Arkansas Democrat-Gazette

Primaries and rodeos

- P.J. O’ROURKE

In the past 10 days, I attended two quintessen­tially American events: the annual Fort Worth rodeo and the New Hampshire Democratic presidenti­al primary. The big difference was that in the rodeo, bull riders only have to stay on their bull for eight seconds.

According to my official program from the Southweste­rn Exposition and Livestock Show, better known as the Fort Worth Stock Show & Rodeo, “In a successful ride, half of the points are given to the rider and half to the bull.” That would be a more interestin­g way to determine who won the New Hampshire primary.

Under the current system, Sen. Bernie Sanders (I-Vt.) came in first with 25.8 percent of the vote. But if we used the also-give-points-to-the-bull approach and factored in Sanders’ many improbable promises, he would have carried New Hampshire by 125.8 percent.

The primary and the rodeo were comparable experience­s. The rodeo began with a prayer. The primary began with a number of candidates who didn’t have one.

A strong smell pervaded both contests. Although in one case it could be washed out of your clothes the next day.

A popular rodeo attraction is the barrel race, much like the pork-barrel race of practical politickin­g. Both require skill at hoofing it around obstacles (physical or ethical). Rodeo barrels, however, are acknowledg­ed to be empty.

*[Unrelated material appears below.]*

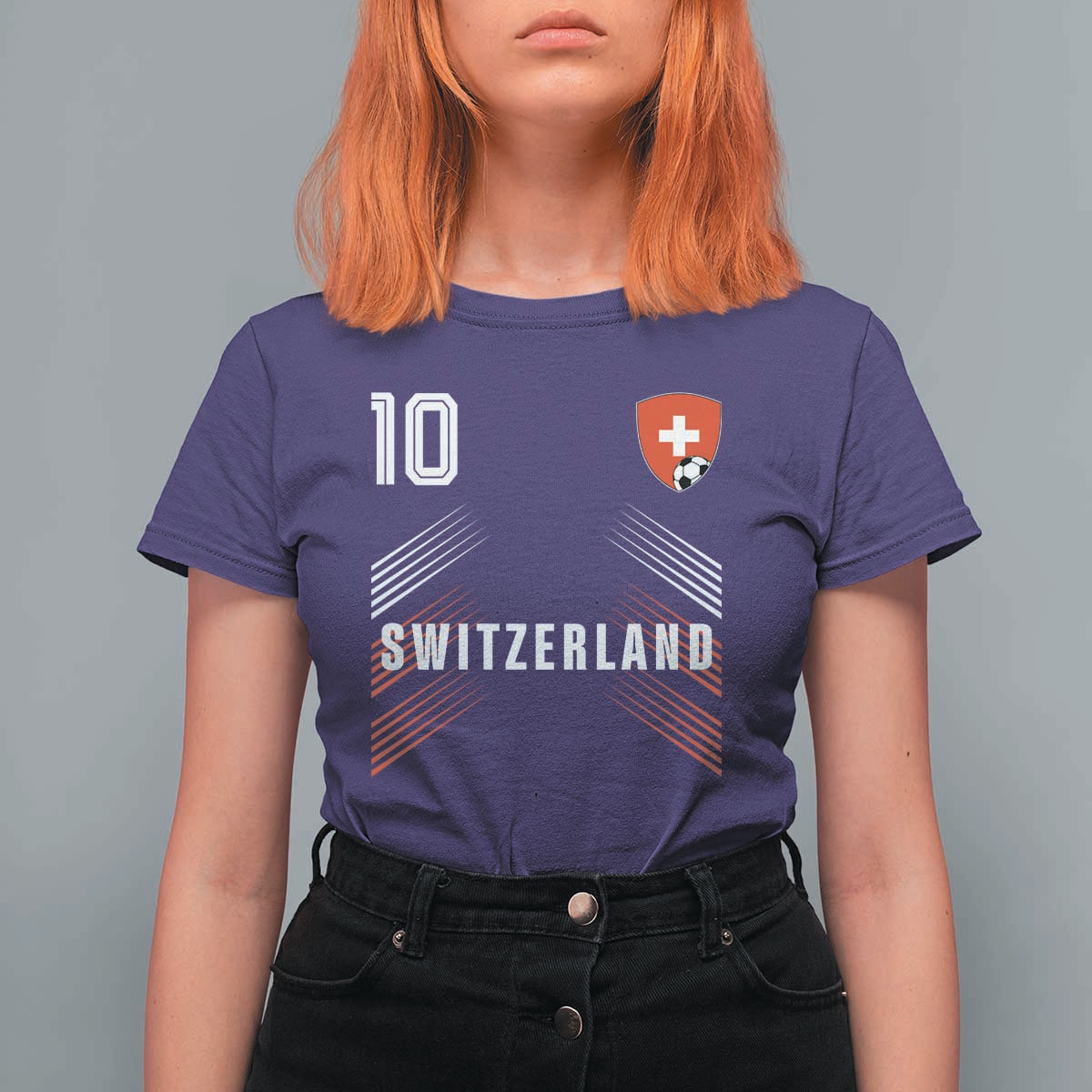 Switzerland Soccer Sports Graphic Number 10 Jersey Style T Shirt For Women Proud Swiss Football Fans Game Day Pride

Rodeo clowns serve an important purpose, distractin­g angry, dangerous bulls and keeping dismounted riders safe. Various clowns were entered in the primary, too. Their function was not as well defined. Maybe they were there to distract angry, dangerous journalist­s. In which case Mike Bloomberg should have run in New Hampshire.

Perhaps some antics from Marianne Williamson (94 votes) could have kept Bloomberg safe after an old recording of his stop-and-frisk comments surfaced.

I was surprised in Fort Worth to see that a running calf can be caught by a rider in as little as two seconds of roping. But I was equally surprised in New Hampshire to see that Joe Biden— who’s been running for office for 51 years—could be thrown for a loop in a mere 12 hours of voting. (And I don’t think anyone did so badly in the rodeo that they left Texas before their score was announced.)

Yet, in contrast to the rodeo, the primary comprises hundreds of events in scores of locations—at which the candidate arrives an hour late. Venues vary from too small to get into to too large to escape. The temperatur­e is freezing, the wind is howling, the slush is up to your ankles. And that’s when you’re indoors.

The rodeo takes place under one roof, on schedule, in a climate-controlled arena.

Furthermor­e, while New Hampshire, where I live, is very small compared with Texas, the Granite State has a surprising­ly Wild West highway system. New Hampshire’s roads are basically wandering cow paths leading to nowhere.

Getting from an Amy Klobuchar event in Wolfeboro to a Pete Buttigieg town hall in Keene is worse than driving 1,000 head of longhorns along the Chisholm Trail and with no place to park when you get there. The rodeo has ample parking, and Fort Worth is centrally located.